There have been two major Supreme Court cases involving video games and attempts by the state to regulate access to video games. Aladdin’s Castle, Inc. v. City of Mesquite in 1983 and Brown v. Entertainment Merchants Association in 2011.
“Both cases addressed attempts to regulate youth access to games, and in both cases, the court held that youth access can’t be curtailed,” Kocurek says.
In Brown v. EMA, the Supreme Court found that the research simply wasn’t compelling enough to spark government action, and that video games, like books and film, were protected by the First Amendment.
“Parents who care about the matter can readily evaluate the games their children bring home,” Justice Antonin Scalia wrote when the Supreme Court deemed California’s video game censorship bill unconstitutional in Brown v. EMA. “Filling the remaining modest gap in concerned-parents’ control can hardly be a compelling state interest.”
So how can we explain the violent acts of some kids who play these games?

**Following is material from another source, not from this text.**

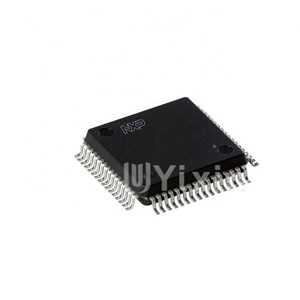 L7251 3.1 linh kiện điện tử khác ICS Chip chuyên ngành mới và ban đầu bom danh sách rfq mạch tích hợp - Product Image 1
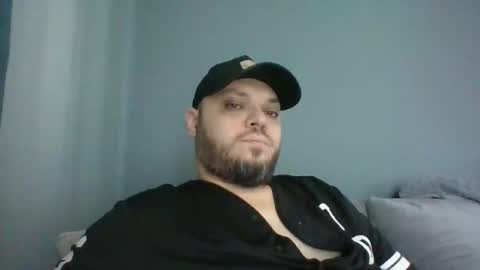 Your boy online show from September 2025 07:31:01 AM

For her part, Kocurek wonders if the focus on video games is mostly a distraction from more important issues. “When we talk about violent games,” she says, “we are too often talking about something else and looking for a scapegoat.”
In other words, violent video games are an easy thing to blame for a more complex problem. Public policy debates, she says, need to focus on serious research into the myriad factors that may contribute to gun violence. This may include video games—but a serious debate needs to look at the dearth of mental-health care in America, our abundance of easily accessible weapons, our highly flawed background-check system, and other factors.
There is at least one practical approach to violent video games, however, that most people would agree on: Parents should think deliberately about purchasing these games for their kids. Better still, they should be involved in the games their kids play as much as possible so that they can know firsthand whether the actions and images they’re allowing their children to consume are appropriate or not.